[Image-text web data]
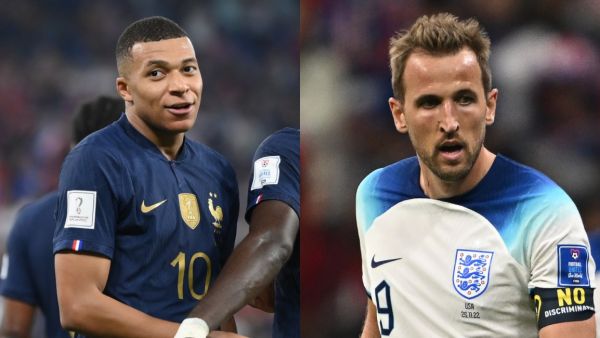 معلق مباراة إنجلترا وفرنسا اليوم في كأس العالم قطر 2022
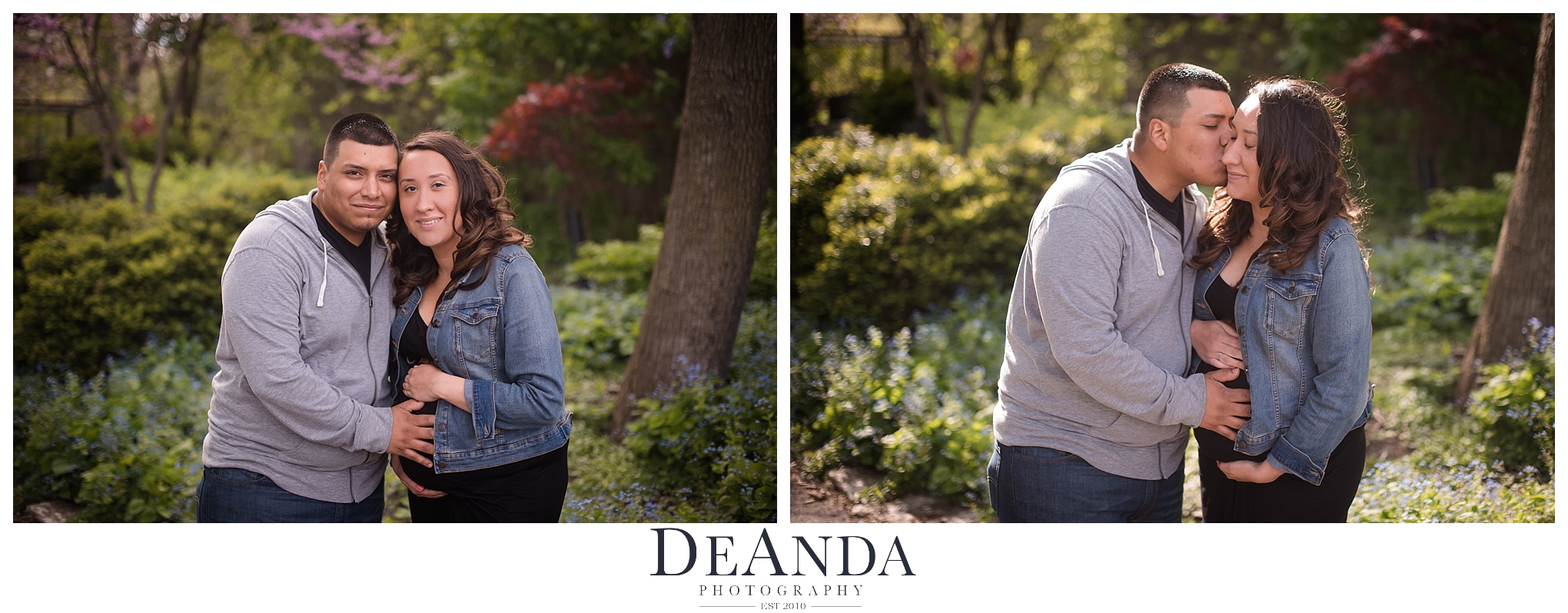 South Pond Maternity Photoshoot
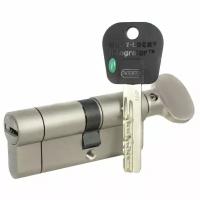 Цилиндр Mul-t-Lock Integrator B-S ключ-вертушка (размер 33х38 мм) - Никель, Флажок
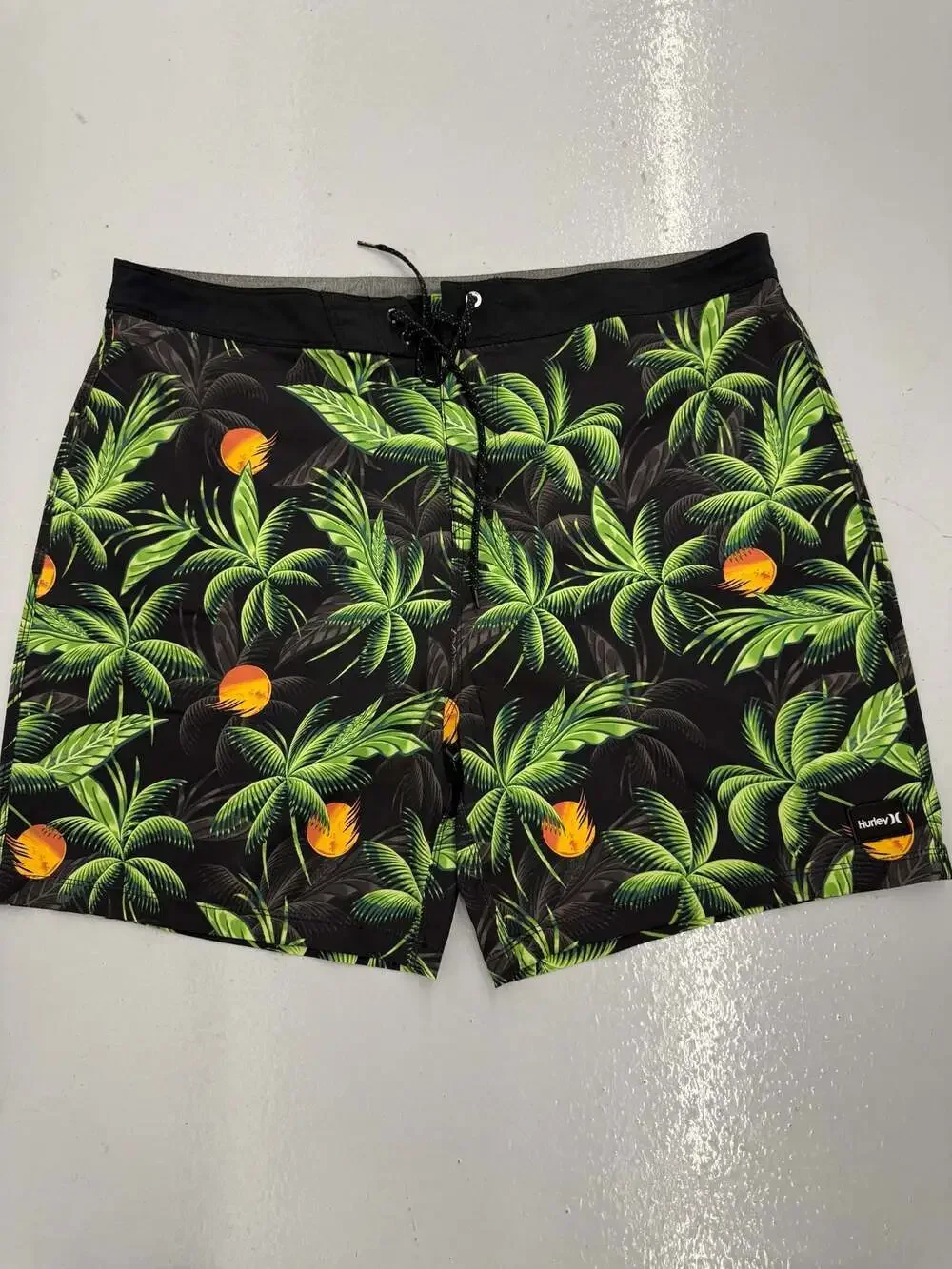 Hurley Phantom Tropical Palm Print Board Shorts
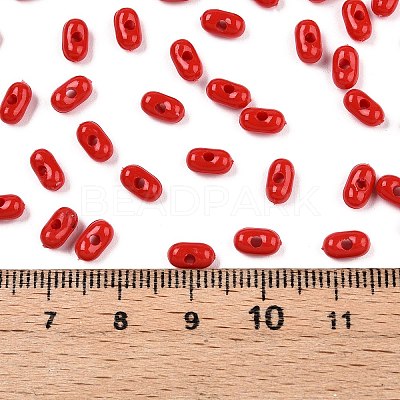Opaque Acrylic Beads X1-MACR-T048-02N-1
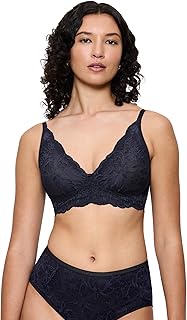 Women's Amourette Charm T N03 Bra, Ink Grey, 85F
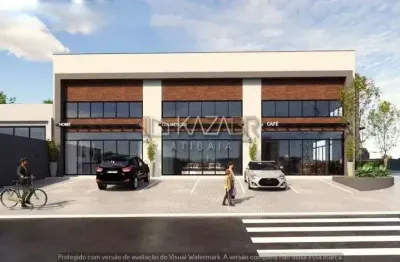 Salão comercial para locação, na al. lucas, 89m² - $8.000/mês – jd. paulista – atibaia/sp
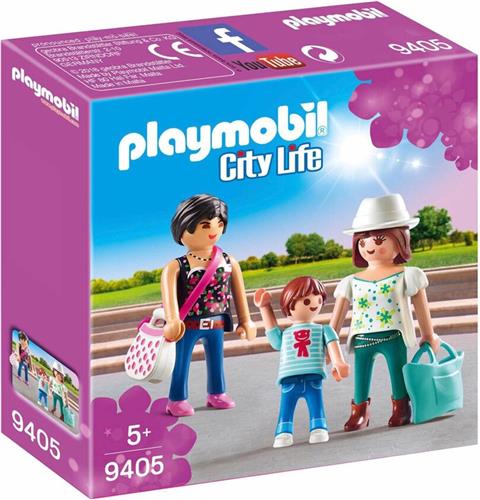 PLAYMOBIL Winkelende vriendinnen - 9405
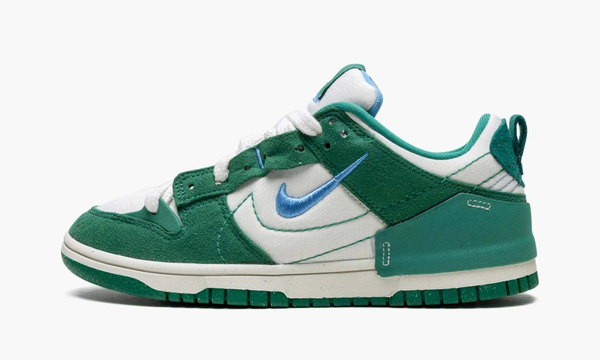 Nike Dunk Low Disrupt 2 WMNS "Malachite / Phantom University Blue"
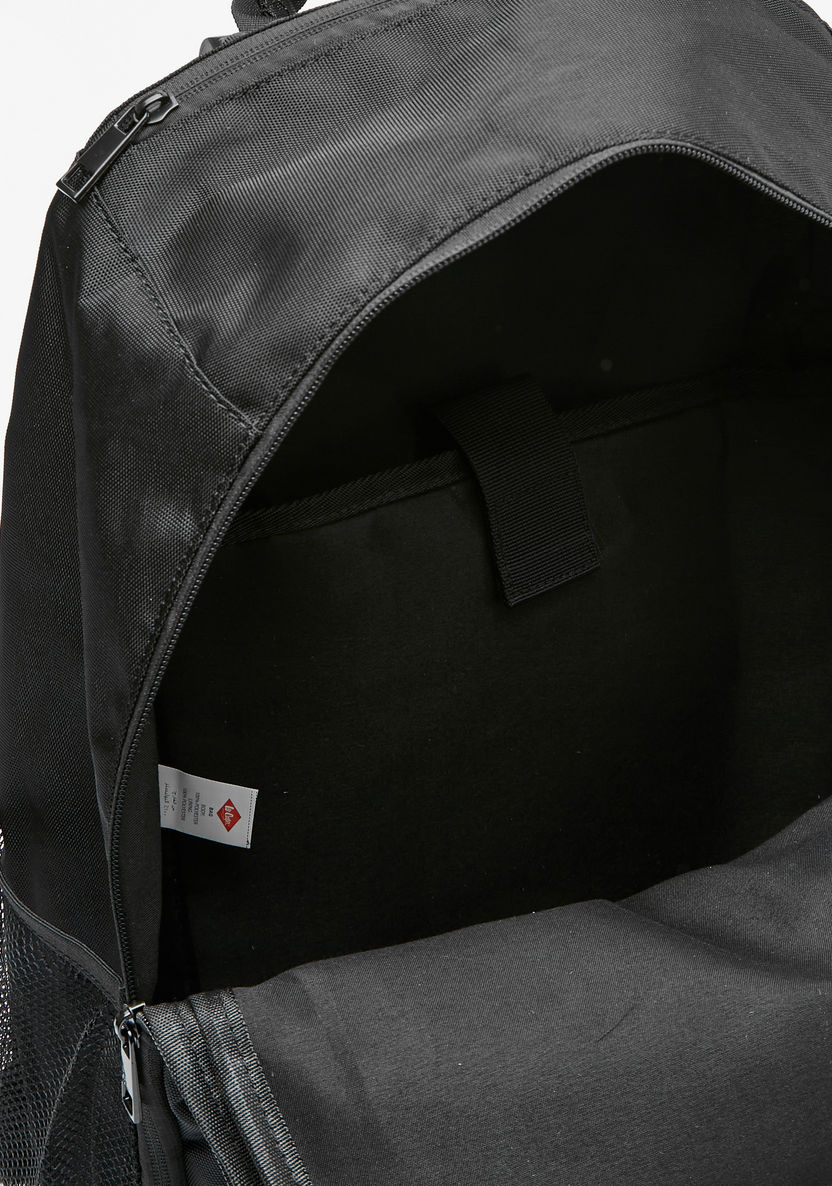 Lee Cooper Textured Backpack with Zip Closure-Men%27s Backpacks-image-3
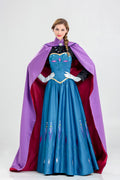 Halloween costume Anna princess dress performance costume
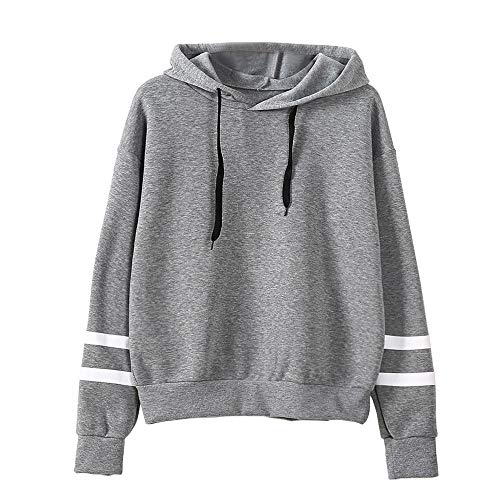 G-Anica Kapuzenpullover Damen Sweatshirt Langarm Rundhals Tumblr Pullover Hoodie Sport Casual mit Kapuzen Sweatjacke Oberteile von G-Anica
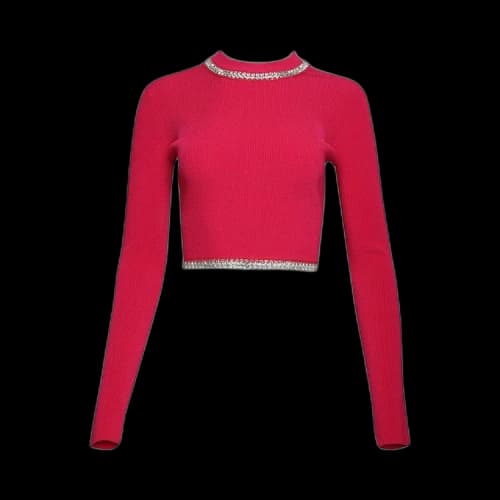 Paco Rabanne Top 'Pink'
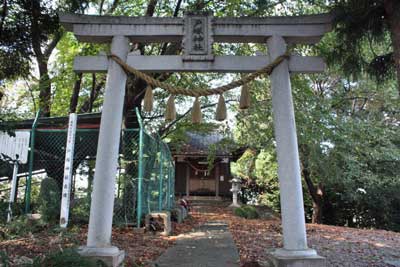 戸塚神社二の鳥居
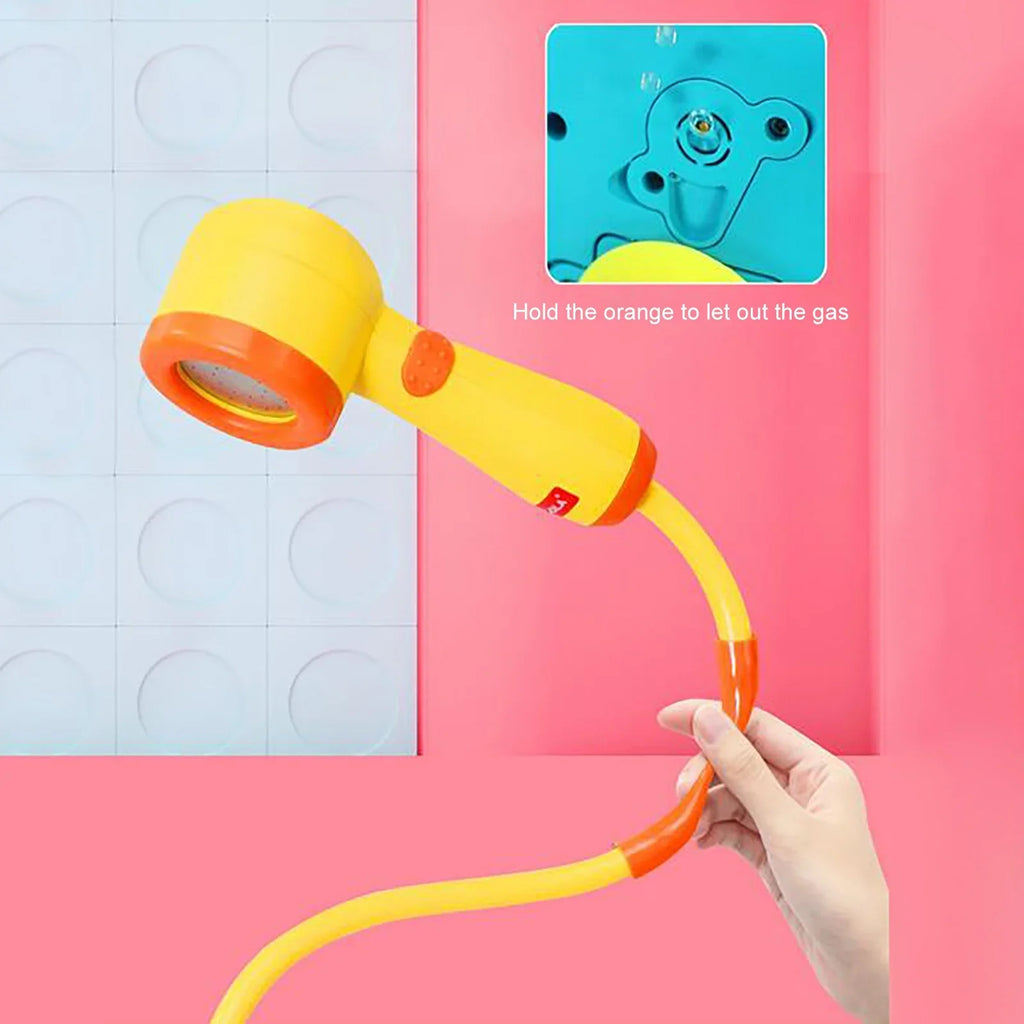 YHAIOGS Baby Shower TOys, Electric Water Spray TOys, 3 Kinds of Revolving Ship Ducks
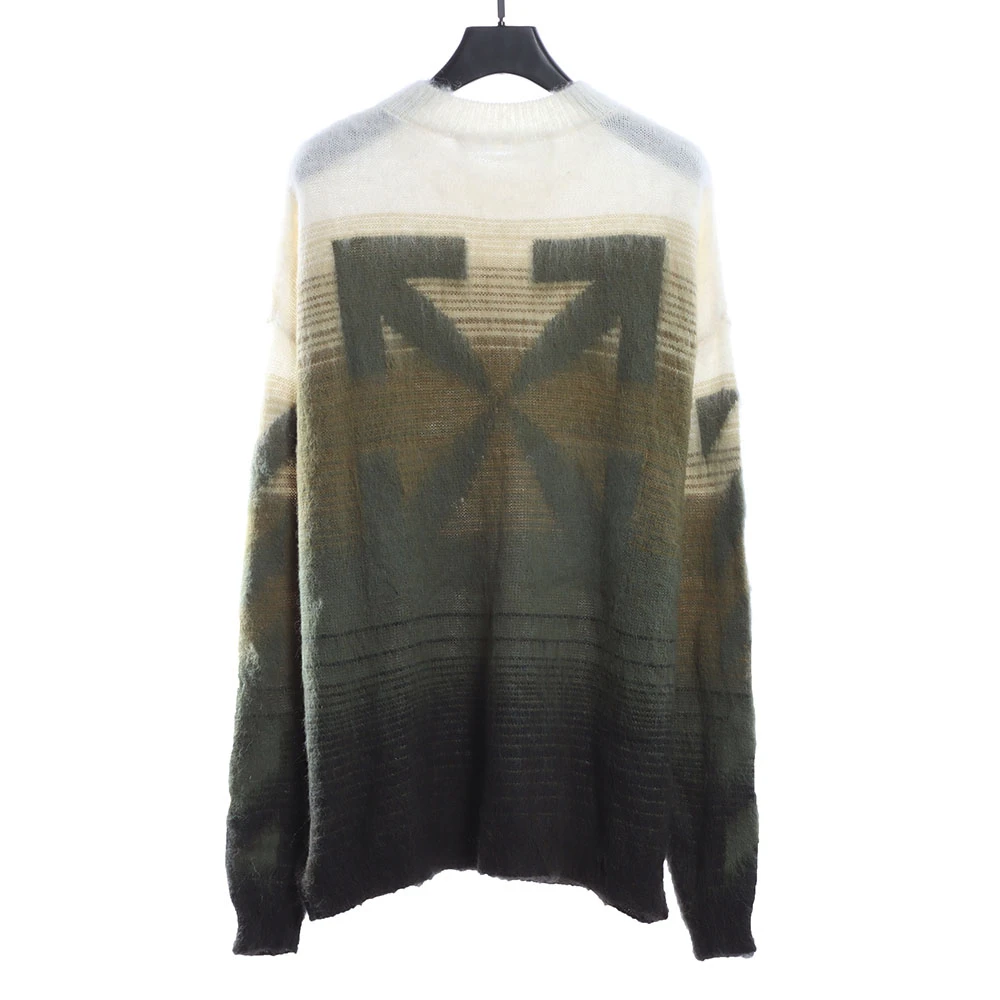 Assorted Multicolor Mohair Sweater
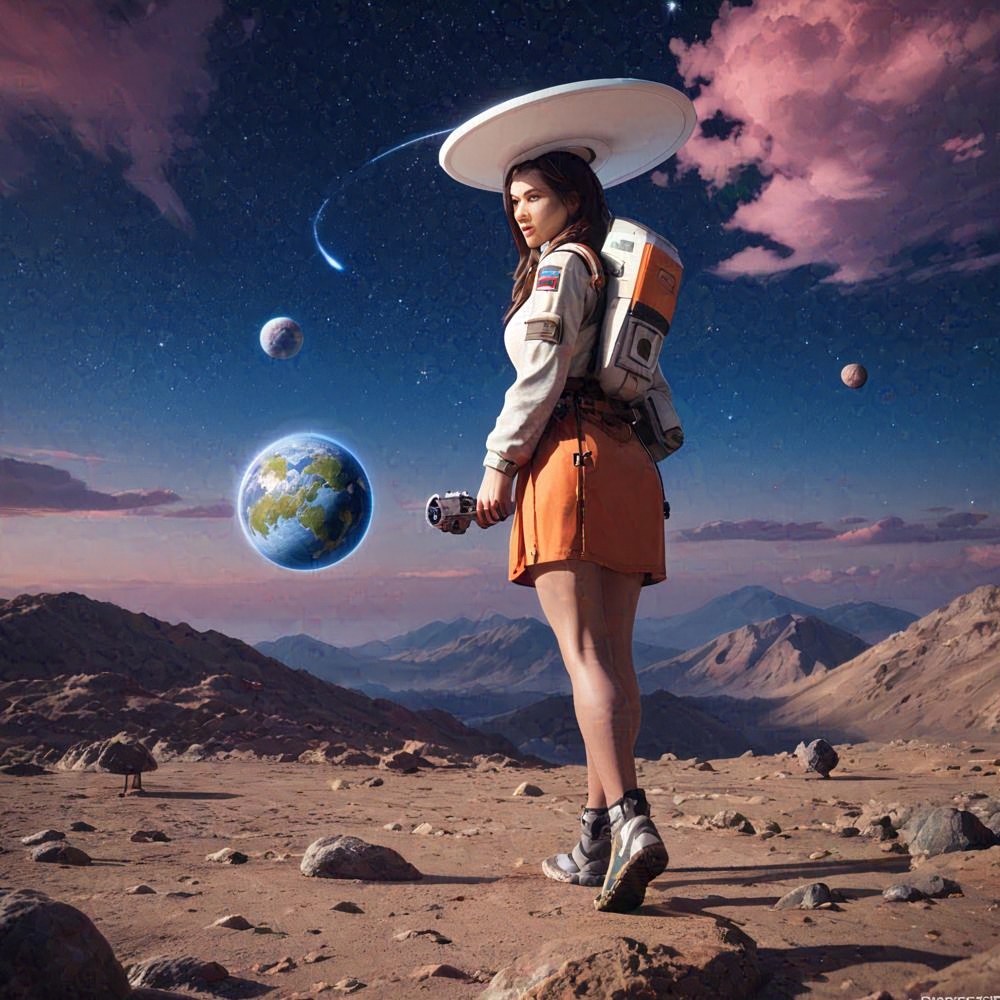 ShayDKong's tweet image. #landscape #space #galaxy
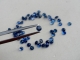 Blue sapphire round gem 3mm Blue sapphire round gem 3mm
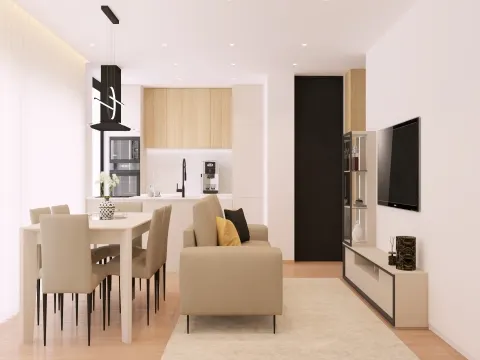 Wohnung 2 Schlafzimmer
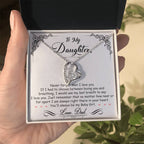 My Baby Girl - Forever Love Necklace - I Got You A Gift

### Task goal
Return only the lines from the one that contains "Lee Cooper Textured" through the closing line of the data, inclusive, reproduced exactly and with every picture left out.

### Response to this exercise
 Lee Cooper Textured Backpack with Zip Closure-Men%27s Backpacks-image-3
 Halloween costume Anna princess dress performance costume
 G-Anica Kapuzenpullover Damen Sweatshirt Langarm Rundhals Tumblr Pullover Hoodie Sport Casual mit Kapuzen Sweatjacke Oberteile von G-Anica
 Paco Rabanne Top 'Pink'
 戸塚神社二の鳥居
 YHAIOGS Baby Shower TOys, Electric Water Spray TOys, 3 Kinds of Revolving Ship Ducks
 Assorted Multicolor Mohair Sweater
 ShayDKong's tweet image. #landscape #space #galaxy
 Blue sapphire round gem 3mm Blue sapphire round gem 3mm
 Wohnung 2 Schlafzimmer
 My Baby Girl - Forever Love Necklace - I Got You A Gift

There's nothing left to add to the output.